Does the agreement require all faculty research projects to be selected using impartial peer review? No

Academic methods of research selection (such as independent expert peer review) are not discussed at all in the agreement. This may leave the selection of faculty research projects subject to the potentially narrow commercial criteria and interests of the sponsor, Chevron.

Transparency

Review Question #3

Is the process for submitting faculty research applications fully transparent? No

The U.C. Davis-Chevron agreement is weak in describing the governance structure (see discussion above, regarding the Joint Management Committee). It also provides few specifics on how faculty research proposals will be weighed and selected for funding. For example, the agreement states that “[e]ither Party may propose research projects from time to time,” but final decisions will be made by “agreement.”13 As such, this agreement lacks adequate academic transparency regarding the faculty application and research selection process.

Protection of academic publication rights

Review Question #4

Is the university’s right to publish protected?
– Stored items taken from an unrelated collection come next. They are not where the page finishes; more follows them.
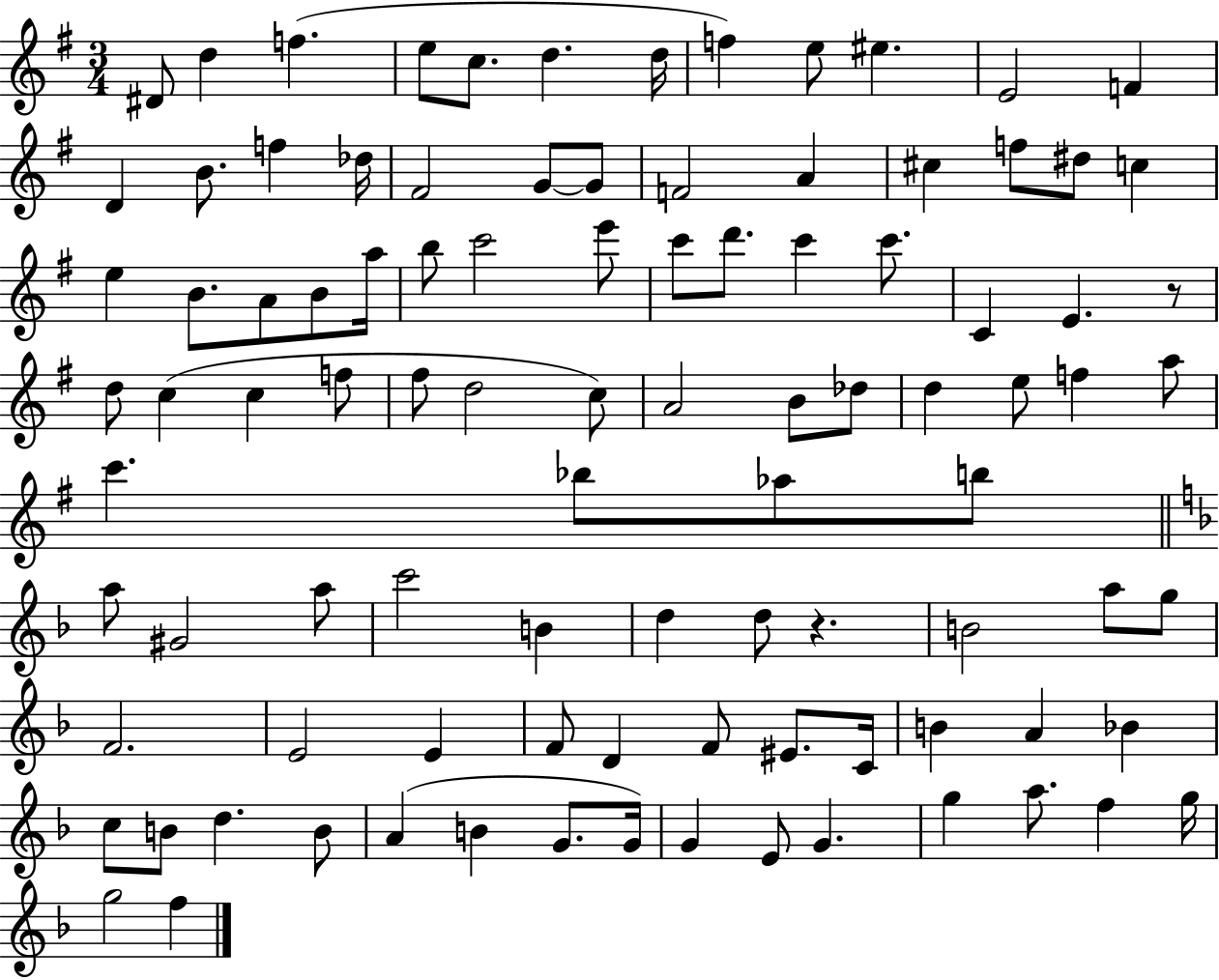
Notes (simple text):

D#4/e D5/q F5/q. E5/e C5/e. D5/q. D5/s F5/q E5/e EIS5/q. E4/h F4/q D4/q B4/e. F5/q Db5/s F#4/h G4/e G4/e F4/h A4/q C#5/q F5/e D#5/e C5/q E5/q B4/e. A4/e B4/e A5/s B5/e C6/h E6/e C6/e D6/e. C6/q C6/e. C4/q E4/q. R/e D5/e C5/q C5/q F5/e F#5/e D5/h C5/e A4/h B4/e Db5/e D5/q E5/e F5/q A5/e C6/q. Bb5/e Ab5/e B5/e A5/e G#4/h A5/e C6/h B4/q D5/q D5/e R/q. B4/h A5/e G5/e F4/h. E4/h E4/q F4/e D4/q F4/e EIS4/e. C4/s B4/q A4/q Bb4/q C5/e B4/e D5/q. B4/e A4/q B4/q G4/e. G4/s G4/q E4/e G4/q. G5/q A5/e. F5/q G5/s G5/h F5/q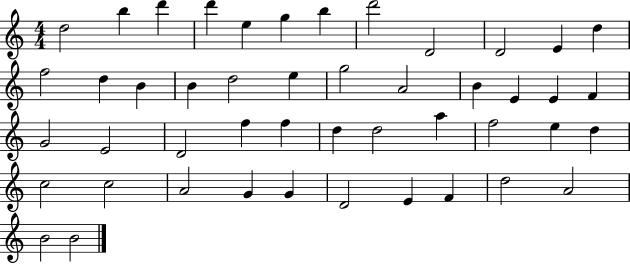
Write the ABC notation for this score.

X:1
T:Untitled
M:4/4
L:1/4
K:C
d2 b d' d' e g b d'2 D2 D2 E d f2 d B B d2 e g2 A2 B E E F G2 E2 D2 f f d d2 a f2 e d c2 c2 A2 G G D2 E F d2 A2 B2 B2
Yes

The agreement states that U.C. Davis “may catalog and place reports” of sponsored research in the campus library “to ensure that such results are available to the interested public, and they may issue publications based on the Research Project and use any results non-proprietary to [Chevron] in their research and educational programs.”14 This right is subject to the corporate-sponsor review provisions for publications and presentations referenced below.

Review Question #5

What is the maximum publication delay permitted to allow the industry sponsor to remove proprietary information and/or file for patent protection?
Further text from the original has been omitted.